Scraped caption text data
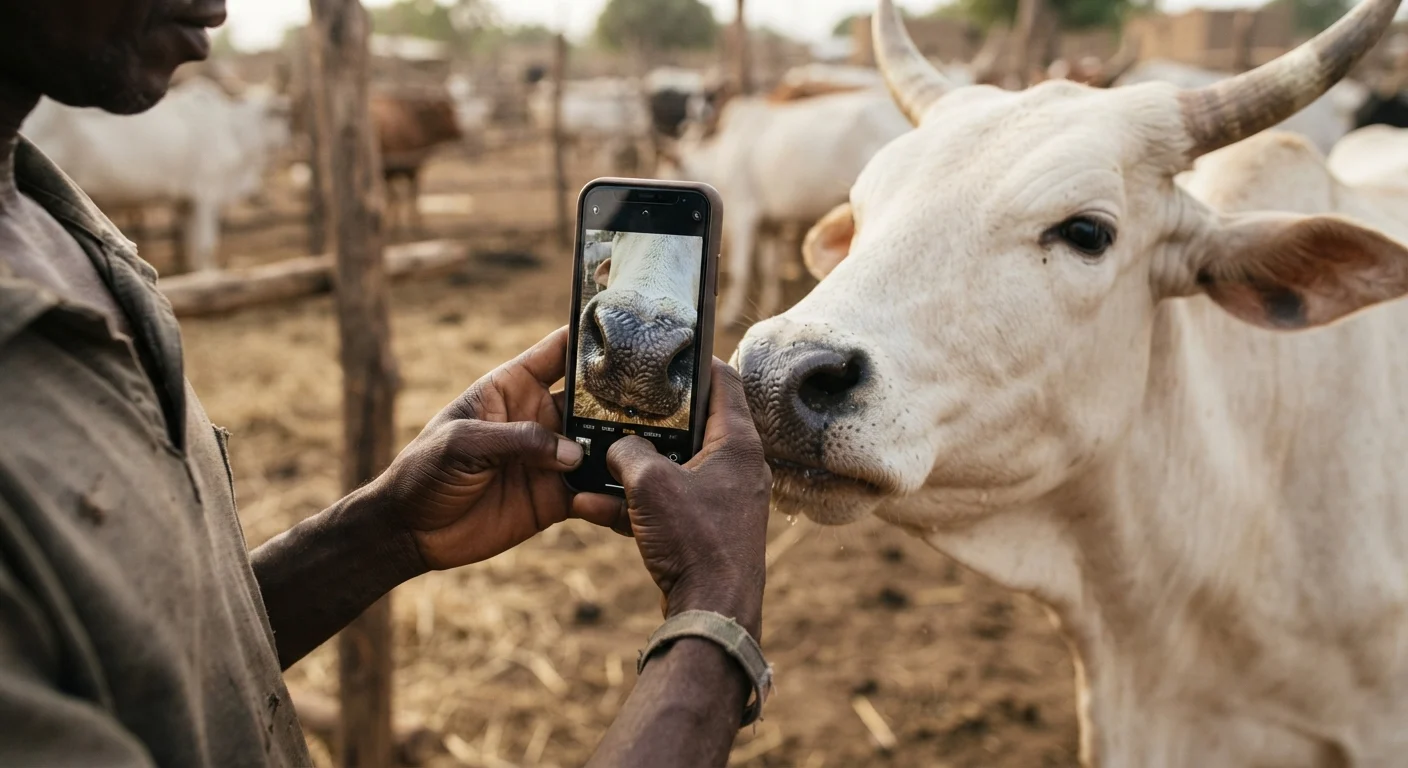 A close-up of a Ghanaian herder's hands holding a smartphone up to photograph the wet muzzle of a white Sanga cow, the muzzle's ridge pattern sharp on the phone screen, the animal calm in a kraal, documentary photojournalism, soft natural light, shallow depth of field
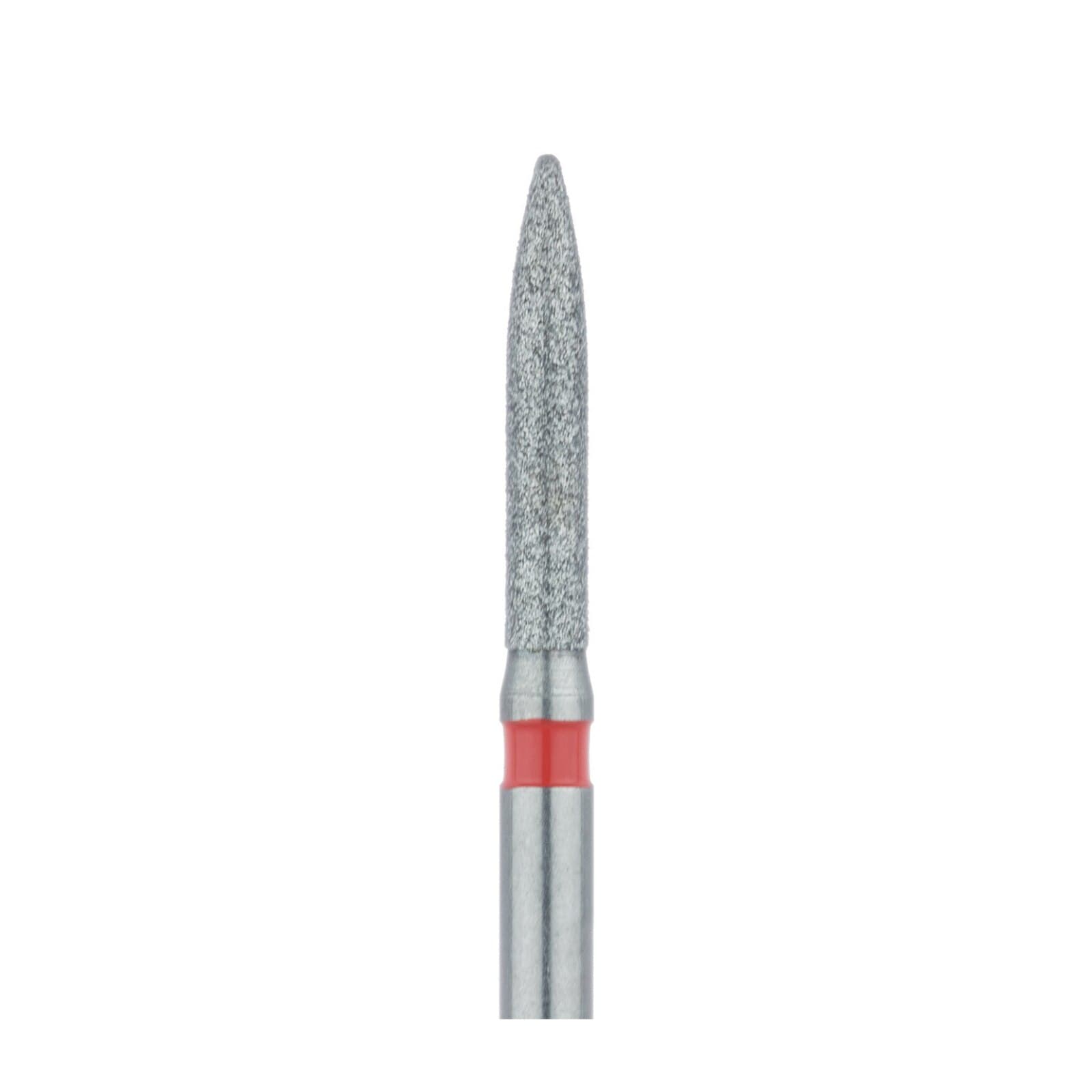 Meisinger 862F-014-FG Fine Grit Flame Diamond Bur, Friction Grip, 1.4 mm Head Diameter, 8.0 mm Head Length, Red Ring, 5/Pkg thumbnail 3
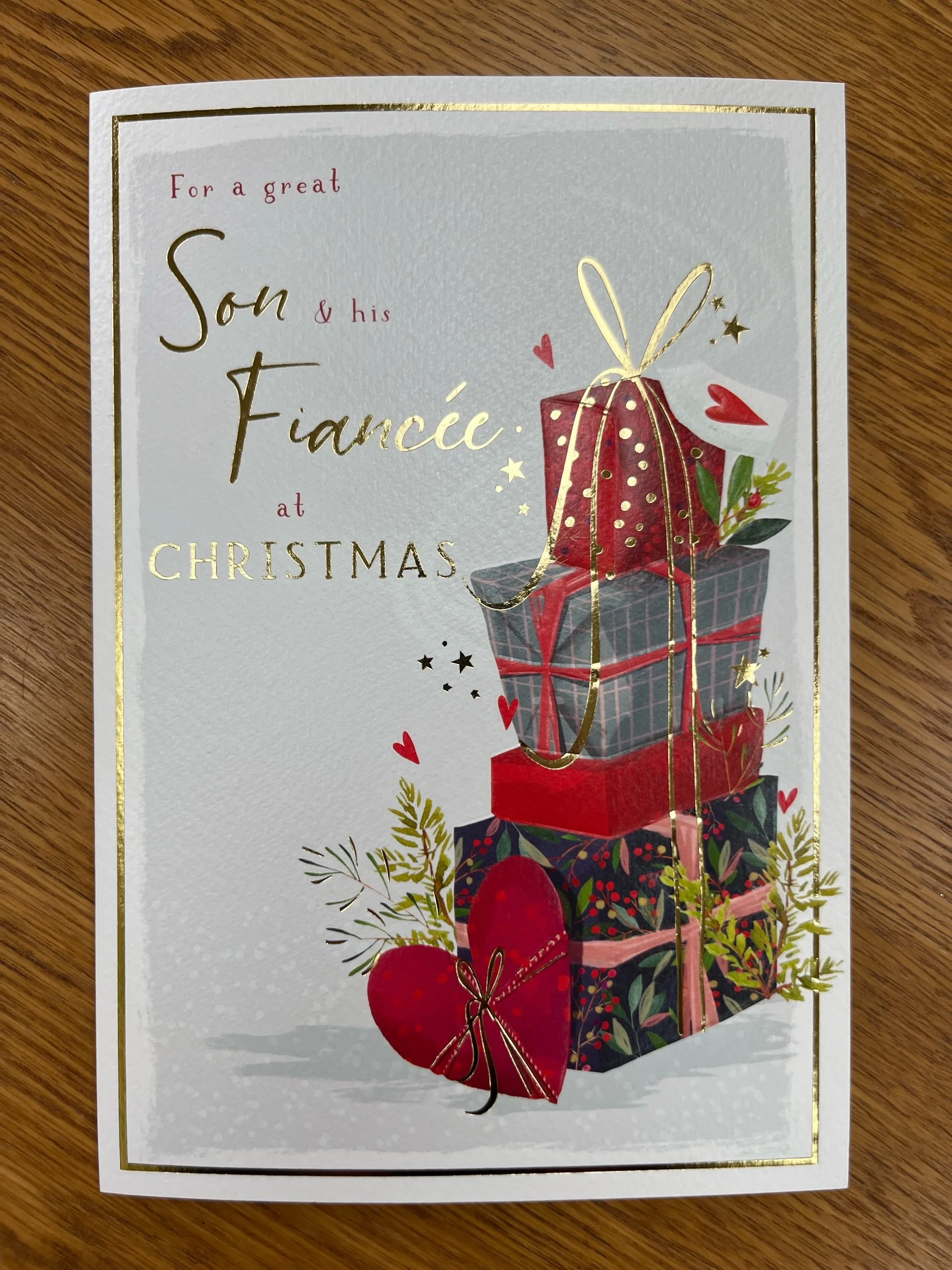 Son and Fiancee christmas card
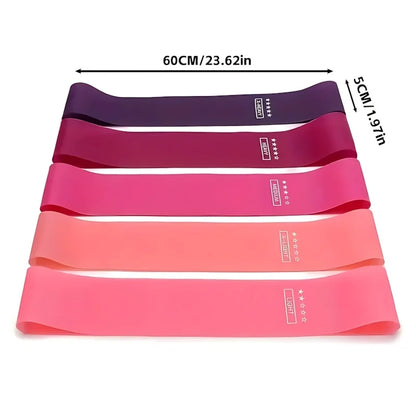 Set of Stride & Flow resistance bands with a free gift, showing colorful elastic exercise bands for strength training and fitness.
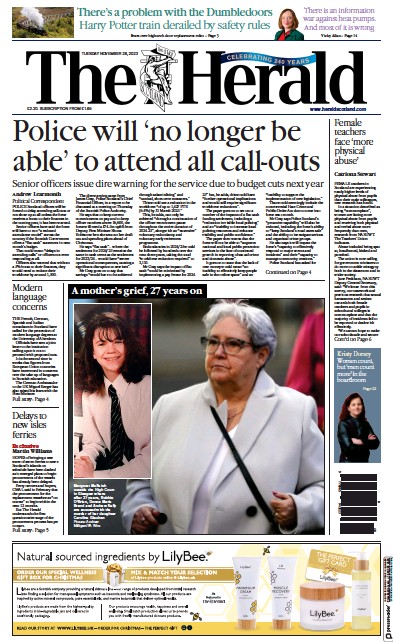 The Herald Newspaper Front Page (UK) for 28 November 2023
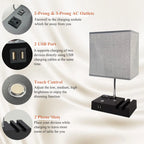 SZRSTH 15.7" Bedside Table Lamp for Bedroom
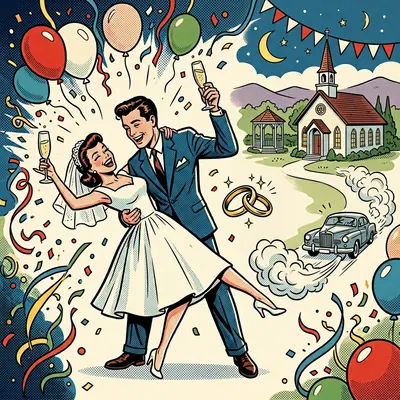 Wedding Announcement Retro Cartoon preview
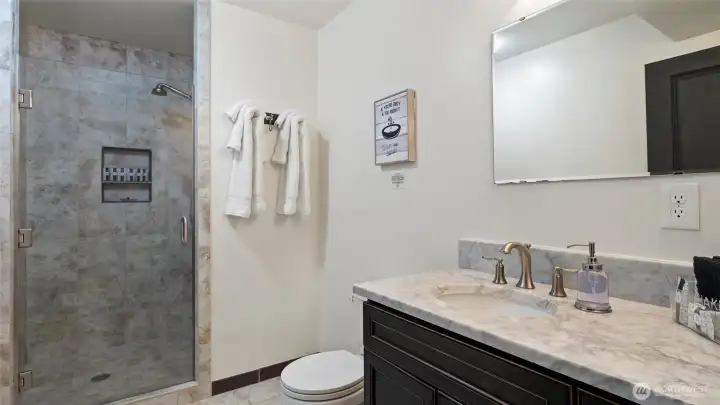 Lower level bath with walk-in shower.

_EXERCISE PROMPT_.
Look above for the line containing "The Herald Newspaper"; output that line and all lines after it through the last one exactly, without the pictures.

_WRITTEN ANSWER_.
 The Herald Newspaper Front Page (UK) for 28 November 2023
 SZRSTH 15.7" Bedside Table Lamp for Bedroom
 Wedding Announcement Retro Cartoon preview
 Lower level bath with walk-in shower.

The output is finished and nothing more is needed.